The direction of Southern IFCA’s management work was helped and informed by the work of Project Inshore in Poole Harbour over the course of three years. Project Inshore was set up in 2012 to map all of the English small-scale fisheries together for the first time and provide tailored sustainability plans for each of them. Small, coastal boats make up nearly three quarters of England's fishing fleet, yet with relatively small landings per vessel and varying market conditions it is hard to attract investment for scientific research, so fishing data on most of the fisheries just didn't exist. Project Inshore worked with the Poole Harbour clam and cockle fishery to assess what data existed in the area and where there were gaps.
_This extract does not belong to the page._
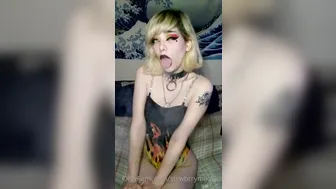 veronika strawberry aka strwbrrymlk  manyvids onlyfans Exciting striptease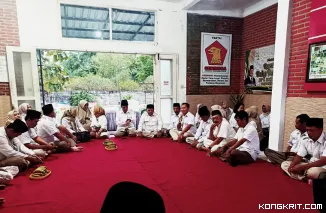 Ketua DPC Gerindra Tulungagung Ahmad Baharudin saat menyampaikan sambutan di acara buka bersama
The Southern IFCA took on board the issues raised and created the management scheme to fill these gaps.

RFS progression

RFS certification will enable skippers to demonstrate that they comply with industry-agreed best practice in their fishing operations, and will give their customers the confidence that they are buying from vessels receiving independent and robust third-party verification. This project also presents an opportunity to demonstrate how the RFS can add value to this sector of the domestic fleet. A locally based facilitator has been appointed to work with the skippers within the fishery to support them in preparation for RFS certification audits, which will take place at the same time as the fishery progresses through the MSC certification process. The project will allow Seafish to collate feedback from the fleet which will be used to further refine the RFS certification process and supporting materials for smaller vessels.

Stakeholder input

The MSC certification of this fishery is expected to take between 12-18 months and will be conducted by independent certifier, ME Certification Ltd (MEC).
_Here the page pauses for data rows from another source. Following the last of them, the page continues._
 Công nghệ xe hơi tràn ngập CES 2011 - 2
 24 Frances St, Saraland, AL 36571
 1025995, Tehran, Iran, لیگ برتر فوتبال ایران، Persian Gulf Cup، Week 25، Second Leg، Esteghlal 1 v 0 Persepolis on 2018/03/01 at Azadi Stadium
Michael Bacon, RFS Fleet manager, Seafish said: “It is great to see the appointment of a consultant who will be available to answer skipper queries and support them in preparing for their RFS audits. This is a great step forward which we hope leads to the first certification of a defined fleet of vessels into the scheme.”

Robert Clark, Chief Officer of Southern IFCA, said: "Southern IFCA has worked hard with the fishing community and other local interests to ensure a balance in the fishery between social, environmental and economic considerations with the aim to ensure healthy seas, sustainable fisheries and a viable industry. We are pleased to be working with the Poole fishermen to gain certification of their fishery, against these internationally recognised criteria, and through this ensure that the improvements made to the fishery are visible at the market."
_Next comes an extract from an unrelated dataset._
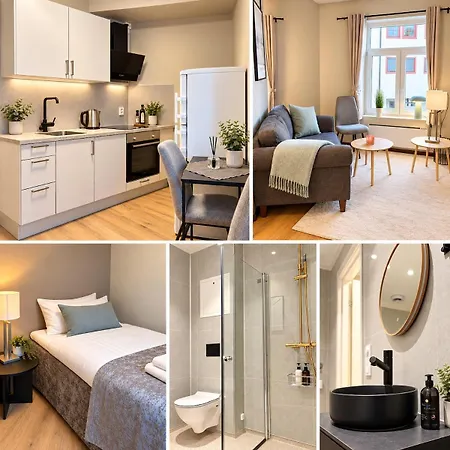3- Cozy, Newly Renovated With An Alcove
[1] MSC’s pre-assessment stage is optional. It identifies any potential challenges for certification. If the pre-assessment is positive a fishery may decide to proceed directly to full assessment. Alternatively, a fishery may first address the issues that need improvement through an action plan, before entering full assessment.

[2] This in indicative as this was from the pre-assessment stage. This does not guarantee that the fishery will gain MSC certification or that it will score highly in the aforementioned scoring markers.